Sunday, May 13, 2007

Amphetepollini

I hope I didn't offend any pet-owning fans of House, Haydn, and hot summer days with my last post. (It's one of the annoying things about blogging - you feel like you're only as good as your last post.) For the record, I have good relationships with people who enjoy all of those things, and actually consider those contrarian tendencies to say more about me than the objects of my disaffection.

Anyway, I suggested a few posts back that it would be interesting to "speed up" Maurizio Pollini's already dazzling take on Stravinsky's Three Movements from Petrouchka. The point is to explore what we're (I'm) listening for in such virtuosic music. Is it just the sheer excitement of the sounds, or do we need to know it's a legit, real-time performance? We pretty obviously don't care if the performance has been cut and pasted from multiple takes, but this takes editing to a new level. And, by the way, the fact that I could do this so easily shows how easy it would be for any performing artist out there to do the same with his/her own recordings. (See Hatto, etc.)

I think there are two larger points: 1) On the one hand, we should be careful not to lose sight of the fact that the meaning of most classical music is not just objectively encoded in the sounds we hear. We care about such things as who is playing, how old he is, how famous she is, what we know about the difficulty level, what kind of technique the pianist has, etc. 2) On the other hand, our commitment to this sort of "honest" performance has probably closed us off to all sorts of new expressive possibilities afforded by digital enhancement. (As I said before, pop music doesn't get dragged down by this sort of thing.) We're probably better off being honest, but, at a minimum, we're missing out on some fun.

Here's an excerpt from Pollini's actual (we assume) recording of the Danse russe from Stravinsky's Petrouchka. Now listen to it "played" 5% faster, 10% faster, 20% faster, and 40% faster. At 5%, the difference isn't that noticeable; at 10% it still sounds believable to me, if otherwordly. 20% is pretty unreal and 40% is just kooky. Of course, in some ways this piece is an odd choice for my experiment because there's not much fingered passagework, which can obviously be played faster than the sort of octaves and double-notes that predominate here.

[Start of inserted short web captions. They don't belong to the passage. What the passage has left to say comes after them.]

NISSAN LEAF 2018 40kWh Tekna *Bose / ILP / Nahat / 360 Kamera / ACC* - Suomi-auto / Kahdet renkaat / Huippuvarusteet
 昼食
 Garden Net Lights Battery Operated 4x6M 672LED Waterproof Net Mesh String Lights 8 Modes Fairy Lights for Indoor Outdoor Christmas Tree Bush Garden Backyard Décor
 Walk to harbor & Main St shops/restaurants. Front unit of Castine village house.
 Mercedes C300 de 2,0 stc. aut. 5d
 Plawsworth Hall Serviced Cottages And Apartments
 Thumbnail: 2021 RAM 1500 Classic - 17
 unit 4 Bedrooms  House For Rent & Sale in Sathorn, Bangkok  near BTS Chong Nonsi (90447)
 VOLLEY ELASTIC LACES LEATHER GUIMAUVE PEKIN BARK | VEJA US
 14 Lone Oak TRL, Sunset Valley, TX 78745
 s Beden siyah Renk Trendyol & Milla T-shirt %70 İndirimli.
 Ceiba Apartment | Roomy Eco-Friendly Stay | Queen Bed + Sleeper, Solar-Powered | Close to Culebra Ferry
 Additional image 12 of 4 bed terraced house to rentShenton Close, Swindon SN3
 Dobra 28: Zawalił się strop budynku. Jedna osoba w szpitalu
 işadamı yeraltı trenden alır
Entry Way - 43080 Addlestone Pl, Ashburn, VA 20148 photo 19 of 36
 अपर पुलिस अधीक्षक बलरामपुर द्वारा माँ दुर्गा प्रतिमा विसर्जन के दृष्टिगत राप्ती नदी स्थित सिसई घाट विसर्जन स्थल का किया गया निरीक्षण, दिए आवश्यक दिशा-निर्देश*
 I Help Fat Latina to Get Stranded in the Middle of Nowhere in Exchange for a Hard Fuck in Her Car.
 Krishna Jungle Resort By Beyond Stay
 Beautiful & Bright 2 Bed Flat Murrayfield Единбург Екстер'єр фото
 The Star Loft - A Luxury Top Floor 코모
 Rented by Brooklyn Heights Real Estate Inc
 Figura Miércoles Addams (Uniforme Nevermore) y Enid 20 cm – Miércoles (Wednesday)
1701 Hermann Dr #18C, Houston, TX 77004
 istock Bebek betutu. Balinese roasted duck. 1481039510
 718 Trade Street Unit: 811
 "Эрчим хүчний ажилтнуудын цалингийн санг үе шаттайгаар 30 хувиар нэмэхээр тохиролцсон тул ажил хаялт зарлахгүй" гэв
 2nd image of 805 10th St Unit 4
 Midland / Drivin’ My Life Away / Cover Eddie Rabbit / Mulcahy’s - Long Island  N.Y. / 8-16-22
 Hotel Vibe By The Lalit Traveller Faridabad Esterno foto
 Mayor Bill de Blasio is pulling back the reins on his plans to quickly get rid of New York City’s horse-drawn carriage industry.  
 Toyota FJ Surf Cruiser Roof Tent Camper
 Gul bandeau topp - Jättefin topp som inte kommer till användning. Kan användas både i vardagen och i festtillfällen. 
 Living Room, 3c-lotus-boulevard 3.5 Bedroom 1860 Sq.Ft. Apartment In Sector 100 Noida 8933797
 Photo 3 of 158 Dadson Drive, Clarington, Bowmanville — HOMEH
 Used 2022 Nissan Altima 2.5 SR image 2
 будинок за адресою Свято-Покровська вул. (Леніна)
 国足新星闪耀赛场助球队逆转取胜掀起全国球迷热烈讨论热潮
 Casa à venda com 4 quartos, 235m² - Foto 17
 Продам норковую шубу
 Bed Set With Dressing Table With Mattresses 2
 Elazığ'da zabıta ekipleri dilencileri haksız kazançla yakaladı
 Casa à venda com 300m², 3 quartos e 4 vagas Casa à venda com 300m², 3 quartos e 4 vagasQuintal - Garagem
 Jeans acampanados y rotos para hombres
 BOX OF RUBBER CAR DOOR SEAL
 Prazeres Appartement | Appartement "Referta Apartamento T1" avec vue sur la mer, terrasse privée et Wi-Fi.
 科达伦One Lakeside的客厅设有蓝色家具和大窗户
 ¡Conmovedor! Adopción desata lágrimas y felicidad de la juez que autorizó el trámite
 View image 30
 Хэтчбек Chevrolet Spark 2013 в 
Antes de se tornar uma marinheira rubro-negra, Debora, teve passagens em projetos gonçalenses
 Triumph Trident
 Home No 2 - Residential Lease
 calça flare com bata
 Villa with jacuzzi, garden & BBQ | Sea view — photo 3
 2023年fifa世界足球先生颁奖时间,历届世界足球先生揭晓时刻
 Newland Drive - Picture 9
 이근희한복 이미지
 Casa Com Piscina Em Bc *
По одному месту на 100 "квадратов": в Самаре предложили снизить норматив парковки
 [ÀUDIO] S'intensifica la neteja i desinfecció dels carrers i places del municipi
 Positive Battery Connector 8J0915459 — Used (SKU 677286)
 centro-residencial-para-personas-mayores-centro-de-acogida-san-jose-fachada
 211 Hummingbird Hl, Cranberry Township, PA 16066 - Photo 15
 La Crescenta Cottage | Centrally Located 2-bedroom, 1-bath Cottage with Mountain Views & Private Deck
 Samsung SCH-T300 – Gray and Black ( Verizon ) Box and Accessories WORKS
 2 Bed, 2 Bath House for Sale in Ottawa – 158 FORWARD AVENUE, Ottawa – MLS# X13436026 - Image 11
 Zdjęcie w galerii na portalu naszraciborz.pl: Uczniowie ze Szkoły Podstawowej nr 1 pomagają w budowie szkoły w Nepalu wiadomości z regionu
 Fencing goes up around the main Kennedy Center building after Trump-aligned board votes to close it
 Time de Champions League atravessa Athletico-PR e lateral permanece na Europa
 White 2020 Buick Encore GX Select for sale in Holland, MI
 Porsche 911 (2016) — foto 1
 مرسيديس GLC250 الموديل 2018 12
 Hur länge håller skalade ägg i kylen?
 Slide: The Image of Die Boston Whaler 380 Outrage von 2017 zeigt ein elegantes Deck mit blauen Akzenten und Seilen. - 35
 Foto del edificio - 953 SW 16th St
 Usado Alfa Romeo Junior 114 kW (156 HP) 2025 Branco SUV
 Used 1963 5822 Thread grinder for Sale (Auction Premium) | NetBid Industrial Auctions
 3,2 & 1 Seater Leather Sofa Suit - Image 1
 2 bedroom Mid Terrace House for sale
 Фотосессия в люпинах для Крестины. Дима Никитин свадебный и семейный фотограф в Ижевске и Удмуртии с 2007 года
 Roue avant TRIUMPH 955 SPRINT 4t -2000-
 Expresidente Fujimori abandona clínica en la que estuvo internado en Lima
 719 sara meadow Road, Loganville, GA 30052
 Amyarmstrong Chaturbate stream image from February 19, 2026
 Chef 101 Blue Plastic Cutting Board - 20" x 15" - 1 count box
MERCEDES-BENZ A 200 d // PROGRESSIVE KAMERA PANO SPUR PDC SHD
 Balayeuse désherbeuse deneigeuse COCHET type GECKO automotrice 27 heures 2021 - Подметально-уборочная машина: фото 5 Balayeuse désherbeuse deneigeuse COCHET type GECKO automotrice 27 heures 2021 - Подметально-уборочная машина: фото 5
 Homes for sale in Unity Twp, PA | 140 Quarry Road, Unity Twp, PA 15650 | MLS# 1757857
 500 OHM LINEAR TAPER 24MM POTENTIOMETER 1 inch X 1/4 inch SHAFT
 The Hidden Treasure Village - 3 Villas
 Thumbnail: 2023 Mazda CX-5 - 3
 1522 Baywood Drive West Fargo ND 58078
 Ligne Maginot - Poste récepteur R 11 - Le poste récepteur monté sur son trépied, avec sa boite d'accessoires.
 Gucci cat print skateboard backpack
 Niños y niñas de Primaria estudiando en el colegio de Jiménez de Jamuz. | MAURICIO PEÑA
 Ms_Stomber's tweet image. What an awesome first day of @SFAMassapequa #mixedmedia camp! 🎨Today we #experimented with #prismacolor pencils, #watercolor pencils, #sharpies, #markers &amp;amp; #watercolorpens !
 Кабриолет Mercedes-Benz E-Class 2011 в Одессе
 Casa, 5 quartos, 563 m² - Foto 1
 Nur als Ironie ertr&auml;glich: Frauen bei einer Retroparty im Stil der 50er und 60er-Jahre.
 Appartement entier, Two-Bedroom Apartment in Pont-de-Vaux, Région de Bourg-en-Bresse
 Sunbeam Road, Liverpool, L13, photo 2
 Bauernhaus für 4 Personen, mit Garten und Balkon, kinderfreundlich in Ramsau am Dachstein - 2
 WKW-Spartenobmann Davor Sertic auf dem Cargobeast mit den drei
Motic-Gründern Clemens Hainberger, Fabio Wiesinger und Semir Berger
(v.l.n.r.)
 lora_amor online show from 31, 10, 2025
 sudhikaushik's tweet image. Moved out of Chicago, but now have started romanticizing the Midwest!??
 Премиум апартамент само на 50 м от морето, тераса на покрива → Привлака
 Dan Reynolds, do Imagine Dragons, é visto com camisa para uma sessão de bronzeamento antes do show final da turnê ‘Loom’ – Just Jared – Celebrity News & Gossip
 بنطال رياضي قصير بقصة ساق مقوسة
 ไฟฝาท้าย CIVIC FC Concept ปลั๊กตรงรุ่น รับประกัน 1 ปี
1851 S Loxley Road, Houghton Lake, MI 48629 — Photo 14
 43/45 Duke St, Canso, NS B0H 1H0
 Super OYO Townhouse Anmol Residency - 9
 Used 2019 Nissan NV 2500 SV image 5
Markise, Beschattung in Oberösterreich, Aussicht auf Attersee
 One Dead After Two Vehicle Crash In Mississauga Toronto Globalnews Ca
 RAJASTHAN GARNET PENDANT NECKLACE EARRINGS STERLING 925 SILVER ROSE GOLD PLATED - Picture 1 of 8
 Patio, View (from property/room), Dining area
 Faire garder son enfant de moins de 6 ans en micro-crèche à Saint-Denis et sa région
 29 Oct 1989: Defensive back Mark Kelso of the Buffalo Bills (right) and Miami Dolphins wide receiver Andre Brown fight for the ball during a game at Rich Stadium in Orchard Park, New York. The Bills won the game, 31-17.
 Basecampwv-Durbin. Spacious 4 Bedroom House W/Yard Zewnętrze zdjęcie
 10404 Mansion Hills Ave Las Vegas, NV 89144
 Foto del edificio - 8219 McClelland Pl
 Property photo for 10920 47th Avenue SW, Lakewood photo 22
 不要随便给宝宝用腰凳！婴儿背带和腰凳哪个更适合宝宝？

Here's a bit of Signor Pollini playing Chopin's Etude in C-sharp Minor, Op. 10, No.4. Let me just mention that, having struggled through this etude myself many times, this recording already seems unreal. If some anonymous pianist posted this online as his own MP3, not only would I be suspicious about it's being stolen; I'd wonder if it had been artificially accelerated. With so many more new notes per second, the Chopin gets kookier even faster than the Stravinsky. Here's Chopin/Pollini plus: 5% , 10% , 20% , 40%. 40% is a far cry from hearing "the real thing," but I do get a kick out of it.

Strangely, my other interest in this process comes from my enjoyment of things that are ridiculous. I realize that some will object to this whole experiment as ignoring what's musical about this music. There's little question that Chopin+40% becomes extremely mechanical (some would say that about Pollini in general), but what's wrong with admitting that we musicians enjoy technique for technique's sake sometimes? To go a little further, I enjoy hearing the impossible for impossible's sake. Here we have something that would truly have been impossible for Chopin to have heard. What would he have thought?

1 comment:

Andrys said...

Chopin would have thought "Now THAT's what I had in mind!"

There's a lot to be said for responsive modern pianos. :-)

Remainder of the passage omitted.